Hotel Reservation System

Design a global hotel reservation system similar to Booking.com or Expedia. The system must support hotel discovery via search (location, dates, room types) and a high-integrity booking flow. A critical requirement is to ensure no two customers can book the same room for overlapping dates (zero overbooking). Consider how the system handles 10 million daily active users, global distribution, and high-concurrency scenarios during peak holiday seasons. Discuss your choice of consistency models, database selection, and how you maintain search performance while ensuring booking accuracy.

PostgreSQL

OpenSearch

Redis

Kafka

CDC

Saga Pattern

Kubernetes

CDN

Stripe

Questions & Insights

Clarifying Questions

Scale & Traffic: What is the expected scale in terms of the number of hotels and rooms? (Assumption: 100,000 hotels, 20 million rooms globally).

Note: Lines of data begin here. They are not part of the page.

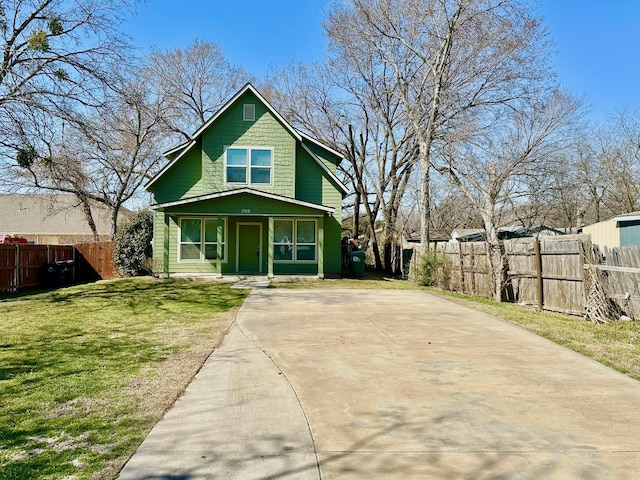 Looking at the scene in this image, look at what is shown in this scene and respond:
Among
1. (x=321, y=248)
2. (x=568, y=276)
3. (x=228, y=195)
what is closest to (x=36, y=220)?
(x=228, y=195)

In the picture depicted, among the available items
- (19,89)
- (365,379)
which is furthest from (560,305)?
(19,89)

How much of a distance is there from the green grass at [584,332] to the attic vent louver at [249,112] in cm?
1162

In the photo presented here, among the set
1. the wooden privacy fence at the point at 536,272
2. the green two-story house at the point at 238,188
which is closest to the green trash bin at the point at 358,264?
the green two-story house at the point at 238,188

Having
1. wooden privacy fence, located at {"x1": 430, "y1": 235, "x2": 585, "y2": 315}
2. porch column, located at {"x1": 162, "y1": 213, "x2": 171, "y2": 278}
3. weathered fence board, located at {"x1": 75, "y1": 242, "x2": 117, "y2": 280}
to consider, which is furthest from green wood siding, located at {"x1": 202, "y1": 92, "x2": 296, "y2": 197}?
wooden privacy fence, located at {"x1": 430, "y1": 235, "x2": 585, "y2": 315}

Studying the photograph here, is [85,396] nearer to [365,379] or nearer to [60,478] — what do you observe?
[60,478]

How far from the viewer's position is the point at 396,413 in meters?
4.34

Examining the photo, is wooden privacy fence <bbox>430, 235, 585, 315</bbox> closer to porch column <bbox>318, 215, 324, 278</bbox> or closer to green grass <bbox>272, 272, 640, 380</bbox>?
green grass <bbox>272, 272, 640, 380</bbox>

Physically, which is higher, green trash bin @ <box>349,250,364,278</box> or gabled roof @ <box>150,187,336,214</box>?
gabled roof @ <box>150,187,336,214</box>

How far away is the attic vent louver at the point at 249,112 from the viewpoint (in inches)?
740

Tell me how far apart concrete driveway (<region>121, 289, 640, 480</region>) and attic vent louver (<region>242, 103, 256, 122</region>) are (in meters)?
13.0

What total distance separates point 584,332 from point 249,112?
15042 millimetres

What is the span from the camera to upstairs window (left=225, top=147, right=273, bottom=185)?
1867 cm

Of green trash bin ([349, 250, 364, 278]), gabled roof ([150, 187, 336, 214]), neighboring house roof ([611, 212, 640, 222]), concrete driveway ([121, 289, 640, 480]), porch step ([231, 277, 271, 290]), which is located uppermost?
gabled roof ([150, 187, 336, 214])

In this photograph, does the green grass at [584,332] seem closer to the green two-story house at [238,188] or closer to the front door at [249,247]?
the green two-story house at [238,188] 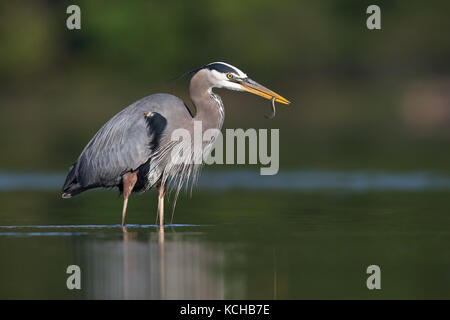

Concurrency: How should we handle overbooking or simultaneous booking attempts for the last room? (Assumption: Strict consistency is required for the final booking; no overbooking allowed for the MVP).

Search Patterns: Are users searching by city, date range, and price, or more complex filters like amenities? (Assumption: City, stay dates, and occupancy are the primary filters).

Payment: Should we build a payment gateway or integrate with a provider? (Assumption: Integrate with a 3rd party like Stripe/Adyen via a lightweight adapter).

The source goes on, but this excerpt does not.